However, universalism in both of its forms undercuts God’s concern for moral goodness. Think about it: If God allowed all people to enter heaven, it wouldn’t matter in the slightest how we behave on earth. I could be the worst rapist, mass murderer, or genocidal dictator in history, but God would still admit me into eternal blessedness alongside great heroes of the faith, like Mother Teresa, Sts. Peter and Paul, and St. John the Baptist. Intuitively, it just seems off, and it should, because it implicitly asserts that God is a relativist when it comes to how our earthly lives are lived and how closely we align our wills to His holy will.
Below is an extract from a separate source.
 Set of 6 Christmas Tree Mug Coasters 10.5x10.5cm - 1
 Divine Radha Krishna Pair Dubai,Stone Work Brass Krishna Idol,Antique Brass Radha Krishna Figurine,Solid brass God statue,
This leads me to my next point: Not only is this a complete contradiction of God’s infinite goodness, but it also shows a lack of understanding of what heaven is. Heaven isn’t some eternal resort where everything is full of pleasure and nobody does anything wrong. Rather, heaven is eternal happiness, the fulfillment of our free choice to love and serve God and to submit our will to His. Such a life is strengthened through His Church, which administers the seven sacraments that serve as channels of grace, through which we are spiritually strengthened. Heaven also is the beatific vision, as the Catechism of the Catholic Church teaches: “The beatific vision, in which God opens himself in an inexhaustible way to the elect, will be the ever-flowing well-spring of happiness, peace, and mutual communion” (CCC 1045). In a poetic sense, those who are saved will see and experience God face-to-face, of which we will never tire, since God is infinite.
Heaven is eternal blessedness, which all men desire. We all want to be happy, not just for a short time, but forever. But we can never find eternal happiness in this life. Therefore, heaven is man’s ultimate end, his ultimate fulfillment, which we can either attain or fail to attain. When we align our will to God’s will, we feel a sense of satisfaction and completion, as if that’s who we are truly meant to be. This is a small taste of heaven, since only those who are close to God in this life can be close to Him in the next.
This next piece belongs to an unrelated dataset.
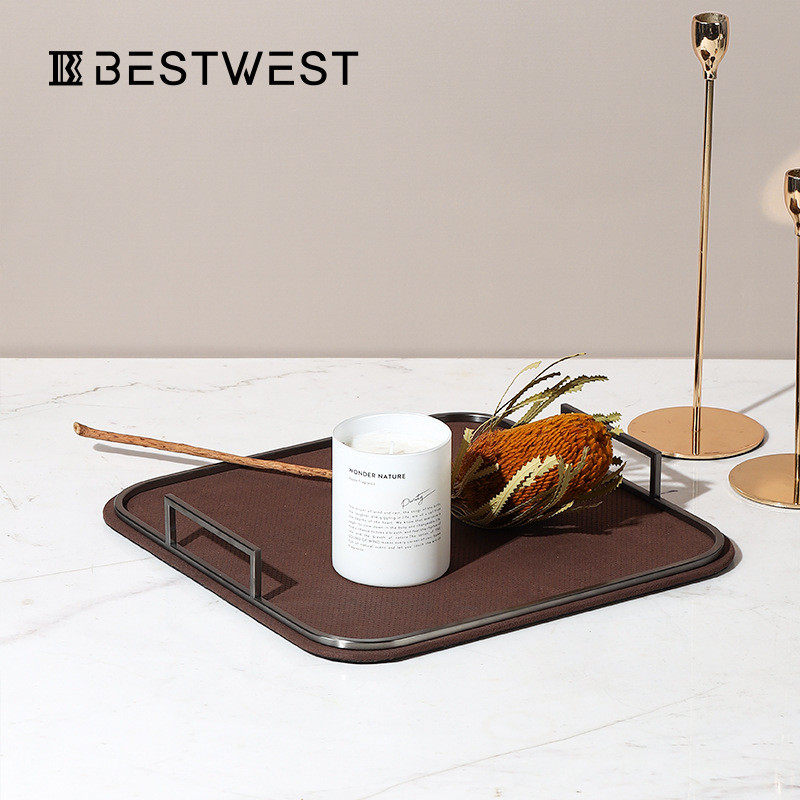家居新宠：热销托盘西家居棕色几何方形博皮质轻奢现代简约桌面皮革收纳置物，无锡良日五金企业店独家推荐！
What is hell, then? I actually like the description “eternal separation from God,” but it is important to clarify what this means. In the Summa Theologica, St. Thomas Aquinas writes that in one sense nothing can be separated from God, for He sustains all things in being. This would include the damned in hell. However, in another sense, things can be separated from Him “by the unlikeness to Him in nature or grace.” People who turn their whole lives to God speak this way. They usually say that before their conversion, they were distant from God. Are they referring to literal distance? Of course not! They’re describing how far away from God’s grace they were. This is an accurate description of hell. Hell is eternal separation from God in the sense that the damned have chosen to live far removed from His will and His grace, which logically results in their eternal wager for separation from Him. It wouldn’t make sense for God to admit the damned into heaven when they have freely chosen not to be close to Him.
Those who believe in apocatastasis, however, would have to say that God overrides our free decision to reject Him. Why on earth would an all-good God drag us kicking and screaming into heaven when throughout our lives we have chosen to live distantly from Him? In The Great Divorce, C.S. Lewis illustrates this point: even if a busload of people from hell were to take a trip to heaven for a day, they would be miserable in heaven, since their souls were never trained on earth to open up to selfless love and grace. They are souls of selfishness and self-will, the exact opposite of heaven. Furthermore, if hell is more like purgatory, as defenders of apocatastasis argue, then that means God purifies those souls from evil, even though they freely chose evil. Essentially, the souls of the damned would be stripped of all sin and would thereby be forced to be good, which would be an oppressive and dictatorial act from God. So much for free will, if that’s the case. No matter how you slice it, universalism rejects the notion of free will’s role in the afterlife, thereby arguing that God forces us to choose Him no matter what we do here on earth.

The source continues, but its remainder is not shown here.